Hal itulah, ujar Aartje, menunjukkan bahwa UUD 1945 yang mengatur tentang perlindungan hak untuk bertempat tinggal ternyata terabaikan. Oleh karena itu diperlukan perlindungan hak untuk setiap orang mengenai hak dan kewajibannya sebagaimana dinyatakan dalam Undang-Undang Pokok Agraria (UUPA) bahwa kepentingan umum dan kepentingan perseorangan harus saling mengimbangi dan memperhatikan asas-asas yang berlaku mengenai penguasaan dan pemilikan tanah serta perlindungan yang diberikan oleh hukum tanah nasional kepada para pemegang hak tanah dan rumah tinggal.

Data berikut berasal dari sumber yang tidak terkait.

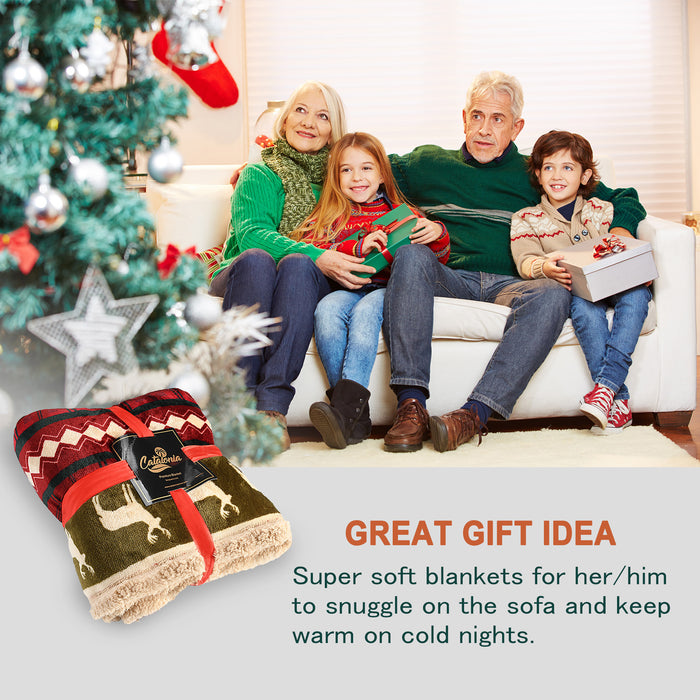 Christmas Sherpa Throw Blanket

“Berdasarkan asas tersebut dapat saja diwajibkan setiap individu membayar pajak menurut ketentuan yang berlaku. Misalnya pada saat membeli tanah untuk keperluan rumah tinggal dikenakan pajak bumi. Sedangkan pajak bangunan pemberlakuannya untuk warga yang menghuni rumahnya sendiri,” papar Aartje.
Biayai Pembangunan
Sementara itu, DPR yang diwakili oleh Anggota Komisi III Arteria menjelaskan UU PBB merupakan bentuk pelaksanaan ketentuan Pasal 23A UUD 1945 dan telah sesuai dengan Pasal 28H ayat (1) UUD 1945. Ia menyebut bahwa pajak merupakan salah satu sumber pendanaan pembangunan. Jika sumber pendanaan tersebut tidak tersedia, maka pembangunan tidak dapat atau sulit untuk dijalankan.
“Kesulitan pendanaan pembangunan akan mengakibatkan upaya meningkatkan kesejahteraan rakyat sulit diwujudkan. Oleh karena itu, wajar apabila kepada wajib pajak diwajibkan memberikan sebagian dari manfaat yang diperolehnya kepada negara melalui pajak. Pemenuhan pajak yang disampaikan juga merupakan perwujudan peran serta dan kegotongroyongan masyarakat di bidang pembiayaan pembangunan nasional,” paparnya.
Arteria juga menyebut pembayaran pajak bumi dan bangunan merupakan salah satu sarana perwujudan kegotongroyongan nasional dalam pembiayaan negara dan pembangunan nasional. Sehingga, lanjutnya, dalam pengenaannya harus memperhatikan prinsip kepastian hukum, keadilan, dan kesederhanaan serta ditunjang oleh sistem administrasi perpajakan yang memudahkan wajib pajak dalam memenuhi kewajiban pembayaran perpajakan.
Permohonan yang teregistrasi dengan nomor perkara 3/PUU-XVI/2018 ini diajukan oleh Jestin Justian, Ezra Prayoga Manihuruk, Agus Prayogo, dan Nur Hasan. Pemohon merasa berkeberatan dengan kewajiban pembayaran pajak bumi dan bangunan sebagaimana diatur dalam Pasal 4 ayat (1) dan ayat (2) UU PBB. Menurut Pemohon, pasal a quo bertentangan dengan frasa ‘bertempat tinggal’ sebagaimana tercantum dalam Pasal 28 UUD 1945. Dari sini, pihaknya meminta pasal tersebut tidak memiliki kekuatan hukum mengikat dan dibatalkan MK.